**Action item:** Go to the line below that contains "8-Piece Spice Container". From there to the end of the records, reproduce each line exactly, except the pictures.

[[ Provided material, beginning ]]

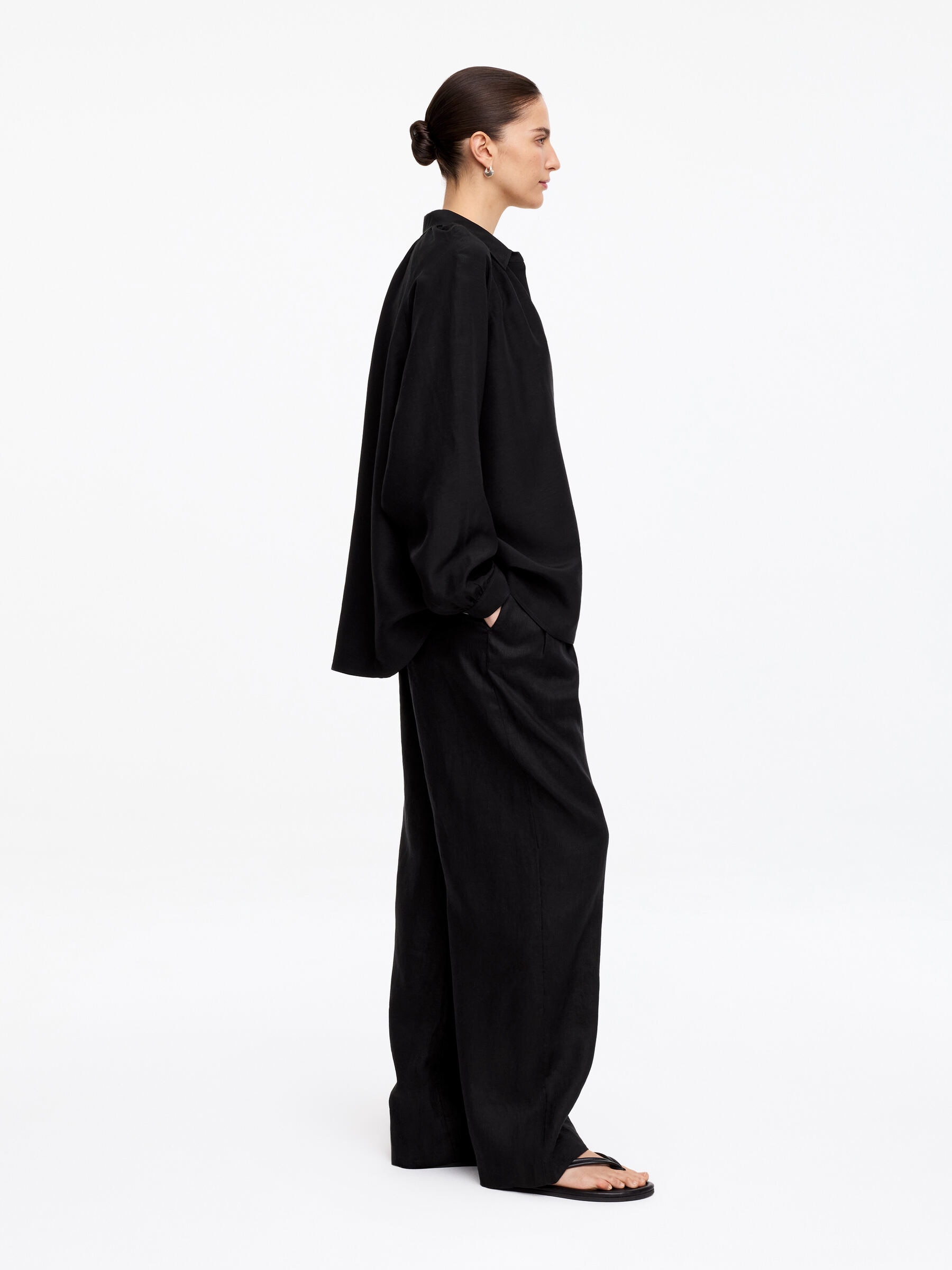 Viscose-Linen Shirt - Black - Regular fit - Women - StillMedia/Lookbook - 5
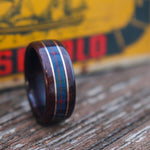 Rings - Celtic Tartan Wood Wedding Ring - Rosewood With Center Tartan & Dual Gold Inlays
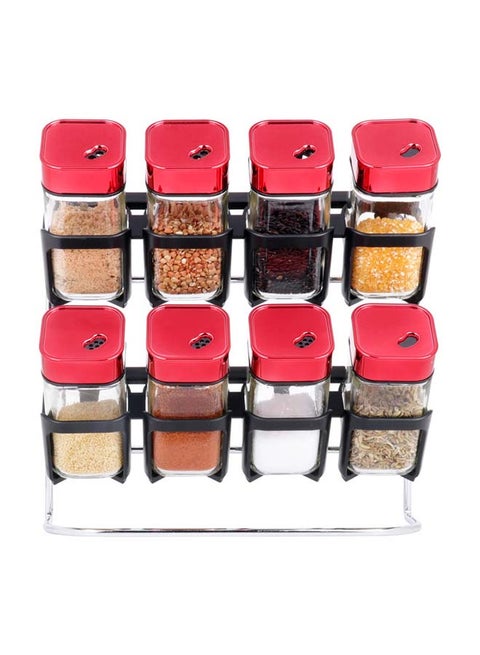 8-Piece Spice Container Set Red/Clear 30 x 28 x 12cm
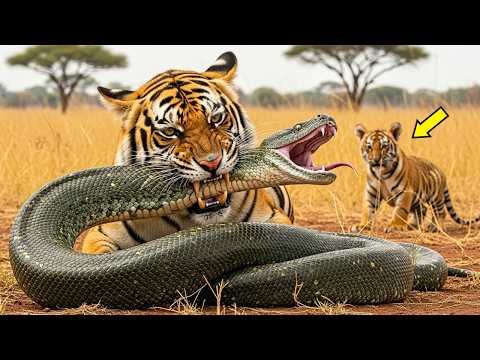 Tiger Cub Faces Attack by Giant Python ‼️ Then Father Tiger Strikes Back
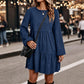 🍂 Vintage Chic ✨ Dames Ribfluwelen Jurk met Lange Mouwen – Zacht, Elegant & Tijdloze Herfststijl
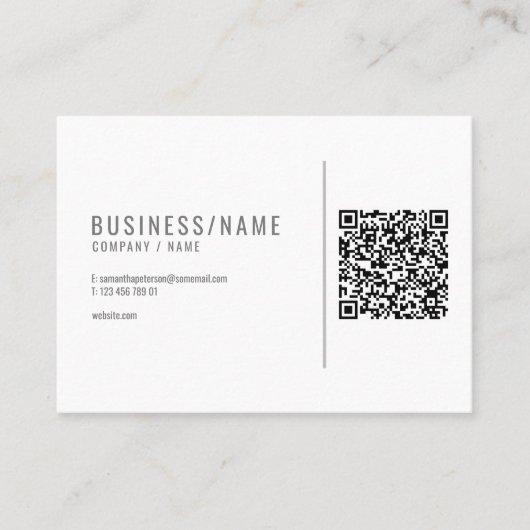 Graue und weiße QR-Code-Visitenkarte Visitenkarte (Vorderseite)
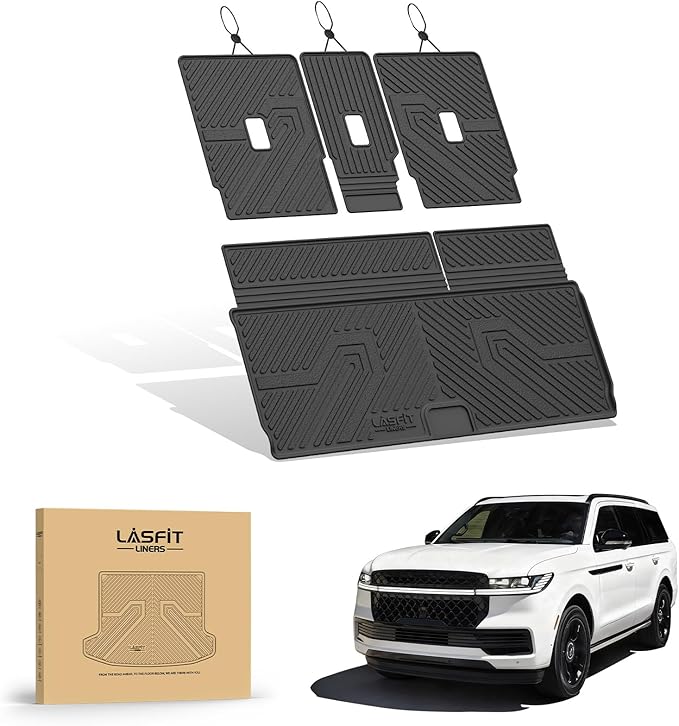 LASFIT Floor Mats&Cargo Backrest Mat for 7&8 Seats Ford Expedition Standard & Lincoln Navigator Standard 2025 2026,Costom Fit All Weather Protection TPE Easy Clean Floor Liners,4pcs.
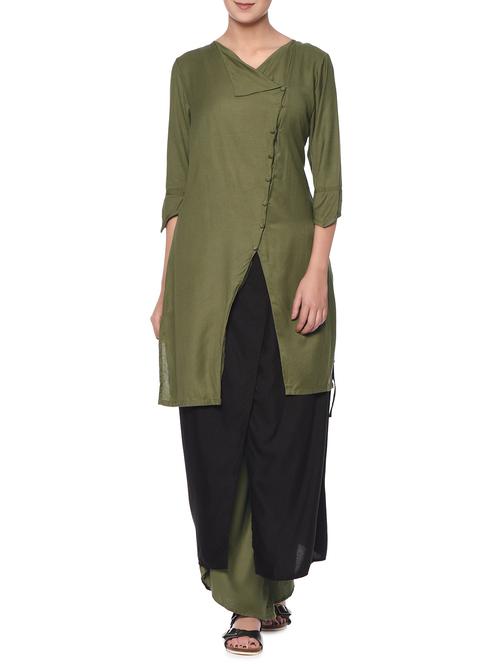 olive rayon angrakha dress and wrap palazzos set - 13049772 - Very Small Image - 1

[[ Provided material, end ]]

**Response to this exercise:**
 8-Piece Spice Container Set Red/Clear 30 x 28 x 12cm
 Tiger Cub Faces Attack by Giant Python ‼️ Then Father Tiger Strikes Back
 🍂 Vintage Chic ✨ Dames Ribfluwelen Jurk met Lange Mouwen – Zacht, Elegant & Tijdloze Herfststijl
 Graue und weiße QR-Code-Visitenkarte Visitenkarte (Vorderseite)
 LASFIT Floor Mats&Cargo Backrest Mat for 7&8 Seats Ford Expedition Standard & Lincoln Navigator Standard 2025 2026,Costom Fit All Weather Protection TPE Easy Clean Floor Liners,4pcs.
 olive rayon angrakha dress and wrap palazzos set - 13049772 - Very Small Image - 1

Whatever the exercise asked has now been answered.